来  源:   DOI:10.1002/cncr.35452

Abstract:
BACKGROUND: The surgical treatment of retroperitoneal sarcoma (RPS) is highly challenging because of its complex anatomy. In this study, the authors compared the surgical outcomes of patients with RPS who underwent surgical resection guided by three-dimensional (3D) printing technology versus traditional imaging.
METHODS: This retrospective study included 251 patients who underwent RPS resection guided by 3D-printing technology or traditional imaging from January 2019 to December 2022. The main outcome measures were operative time, intraoperative blood loss, postoperative complications, and hospital stay.
RESULTS: In total, 251 patients were enrolled in the study: 46 received 3D-printed navigation, and 205 underwent traditional surgical methods. Propensity score matching yielded 44 patients in the 3D group and 82 patients in the control group. The patients\' demographics and tumor characteristics were comparable in the matched cohorts. The 3D group had significantly shorter operative time (median, 186.5 minutes [interquartile range (IQR), 130.0-251.3 minutes] vs. 210.0 minutes [IQR, 150.8-277.3 minutes]; p = .04), less intraoperative blood loss (median, 300.0 mL [IQR, 100.0-575.0 mL] vs. 375.0 mL [IQR, 200.0-925.0 mL]; p = .02), shorter postoperative hospital stays (median, 11.0 days [IQR, 9.0-13.0 days] vs. 14.0 days [IQR, 10.8-18.3 days]; p = .02), and lower incidence rate of overall postoperative complications than the control group (18.1% vs. 36.6%; p = .03). There were no differences with regard to the intraoperative blood transfusion rate, the R0/R1 resection rate, 30-day mortality, or overall survival.

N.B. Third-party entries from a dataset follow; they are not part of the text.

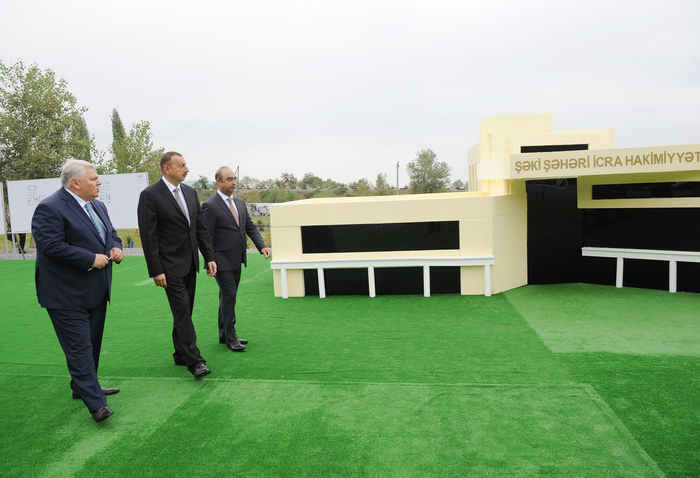 Azerbaijani President lays foundations stone for Heydar Aliyev Center in Shaki (PHOTO)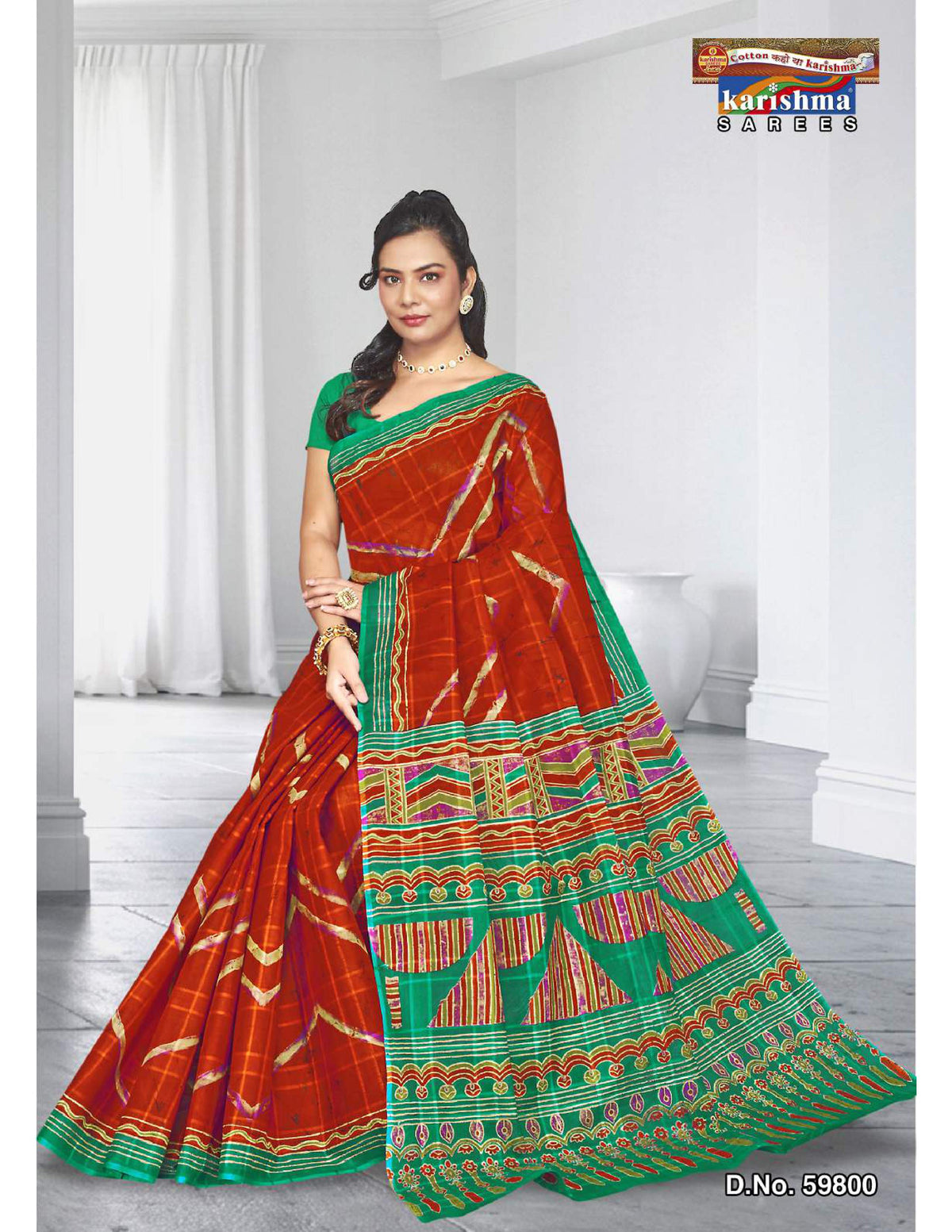 Orange Lehirya Design Mulmul (Crisp) Saree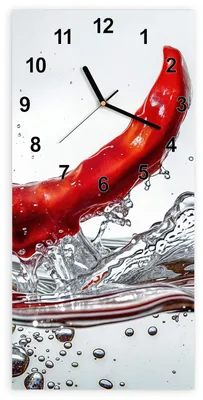 Produktbild von Wanduhr aus Glas mit Motiv Chiliim Wasser- 30 x 60 cm - inkl. Aufhängesystem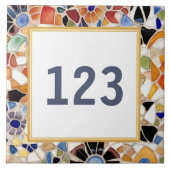 Farbiges Spanisches Mosaikhaus-Türenzeichen Fliese (Vorderseite)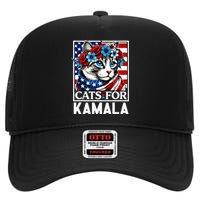 Cat Ladies For Kamala Funny Cat 2024 President Kamalaharris High Crown Mesh Back Trucker Hat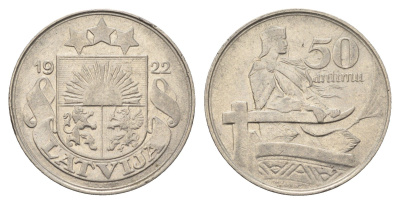Латвия 50 сантимов 1922 год-тип KM 6 никель 4646-323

CONCLUSIONS: Patients in the 3D group had favorable surgical outcomes compared with those in the control group. These results suggest that 3D-printing technology might overcome challenges in RPS surgical treatment.
CONCLUSIONS: The surgical treatment of retroperitoneal sarcoma (RPS) is highly challenging because of its complex anatomy. The purpose of this study was to investigate whether three-dimensional (3D) printing technology offers advantages over traditional two-dimensional imaging (such as computed tomography and magnetic resonance imaging) for guiding the surgical treatment of RPS. In a group of patients who had RPS, surgery guided by 3D-printing technology was associated with better surgical outcomes, including shorter operative time, decreased blood loss, shorter hospital stays, and fewer postoperative complications. These findings suggested that 3D-printing technology could help surgeons overcome challenges in the surgical treatment of RPS. 3D-printing technology has important prospects in the surgical treatment of RPS.
摘要:
背景:腹膜后肉瘤(RPS)的手术治疗因其复杂的解剖结构而极具挑战性。在这项研究中,作者比较了接受三维(3D)打印技术引导下手术切除的RPS患者与传统影像学的手术结局.
方法:这项回顾性研究包括从2019年1月至2022年12月在3D打印技术或传统成像指导下进行RPS切除术的251例患者。主要结果指标是手术时间,术中失血,术后并发症,住院。
结果:总计,251名患者被纳入研究:46名患者接受了3D打印导航,205人接受了传统的手术方法。倾向评分匹配在3D组中产生了44例患者,在对照组中产生了82例患者。在匹配的队列中,患者的人口统计学和肿瘤特征具有可比性。3D组的手术时间明显较短(中位数,186.5分钟[四分位距(IQR),130.0-251.3分钟]vs.210.0分钟[IQR,150.8-277.3分钟];p=.04),术中失血减少(中位数,300.0毫升[IQR,100.0-575.0mL]vs.375.0毫升[IQR,200.0-925.0毫升];p=.02),术后住院时间较短(中位数,11.0天[IQR,9.0-13.0天]vs.14.0天[IQR,10.8-18.3天];p=.02),术后总并发症发生率低于对照组(18.1%vs.36.6%;p=0.03)。术中输血率无差异,R0/R1切除率,30天死亡率,或总体生存率。
结论:与对照组相比,3D组患者具有良好的手术效果。这些结果表明,3D打印技术可能克服RPS手术治疗中的挑战。
结论:腹膜后肉瘤(RPS)的手术治疗因其复杂的解剖结构而极具挑战性。这项研究的目的是研究三维(3D)打印技术是否比传统的二维成像(例如计算机断层扫描和磁共振成像)具有优势,可以指导RPS的手术治疗。在一组患有RPS的患者中,3D打印技术引导下的手术与更好的手术效果相关,包括更短的手术时间,减少失血,缩短住院时间,术后并发症少。这些发现表明,3D打印技术可以帮助外科医生克服RPS手术治疗中的挑战。3D打印技术在RPS的外科治疗中具有重要的应用前景。